(SOURCE MATERIAL):
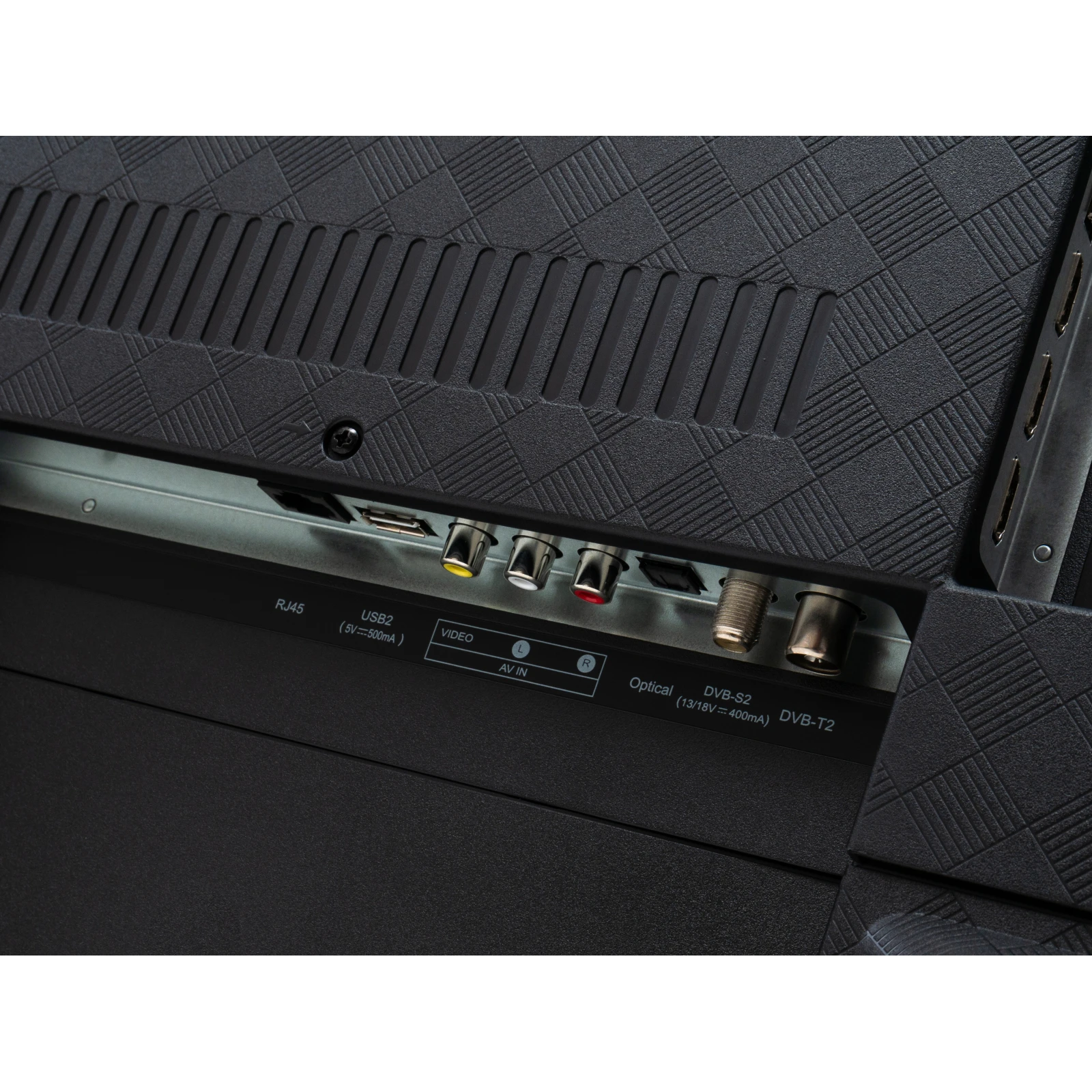 Vinga S75UHD25QWEB (UA) Тип телевизора: Smart TV, QLED -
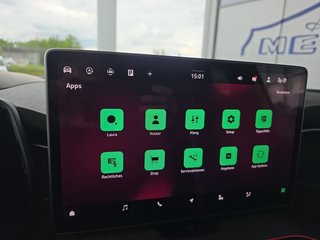 Skoda Kodiaq Sportline 1,5TSI DSG aAHK/4*J.Gar/Matrix/Navi/ACC/el.Klappe  ** - bilder 29
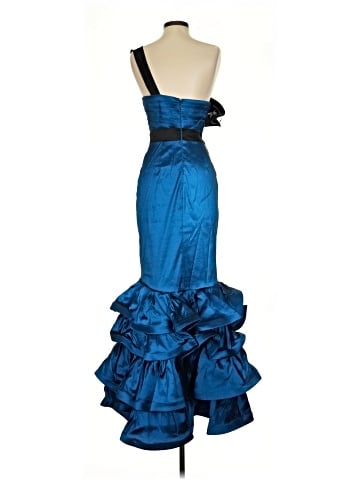 CQ by CQ Cocktail Dress (view 2)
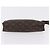 LOUIS VUITTON Monogram Poche Toilette 26 Pouch M47542 LV Auth 205387A Monogramma - vista 6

(WORK REQUEST): Please copy out the material above exactly, with the images removed.

(YOUR RESPONSE):
 Vinga S75UHD25QWEB (UA) Тип телевизора: Smart TV, QLED -
 Skoda Kodiaq Sportline 1,5TSI DSG aAHK/4*J.Gar/Matrix/Navi/ACC/el.Klappe  ** - bilder 29
 CQ by CQ Cocktail Dress (view 2)
 LOUIS VUITTON Monogram Poche Toilette 26 Pouch M47542 LV Auth 205387A Monogramma - vista 6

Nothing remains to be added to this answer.